Still Psycho is the seventh album released by rapper, Ganxsta N.I.P. It was released in 2008 through his own label, Psycho Ward Entertainment. The album was released after 5 years from his last album "The Return of the Psychopath". The only guest on the album is K-Rino.
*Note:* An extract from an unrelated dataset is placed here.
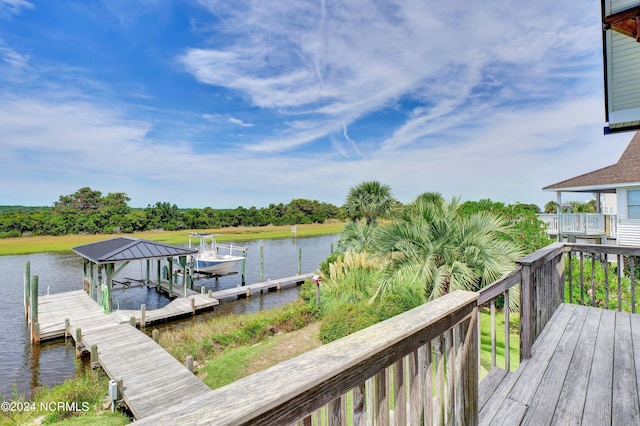 exterior space featuring a boat dock and a water view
Producers on the album are X-Productions, Mike B, Candyman, Jerry X.

Track listing
"We Can Rebuild Ganxsta Nip"- 4:53 
Producer - Mike B
"Brought Me Back from da Dead!"- 3:41 
 Producer - Candyman 
"Nip Is Back!!!"- 3:15 	
 Producer - Mike B* 
"Nip-U-Later"- 4:27 
"Blood Thirsty"- 3:13 
"Down South"- 3:35 
"Still Psycho"- 3:21 
"Bob Ya Head"- 3:06 
"Go Crazy"- 3:27 
"Fuck Dem Cops!"- 4:22 
"Take Over"- 4:40 (Featuring K-Rino)
"Real Talk"- 3:19 
"Conversation with the Reaper"- 3:50 
 Producer - Candyman (9)
"Streets of South Park"- 3:14 
 Producer - Jerry X
"Outro"- 1:15

Personnel

Engineer - J-Blast

Mixed By - J-Blast

Photography - Peter Beste

Producer - X-Production* (tracks: 4 to 12)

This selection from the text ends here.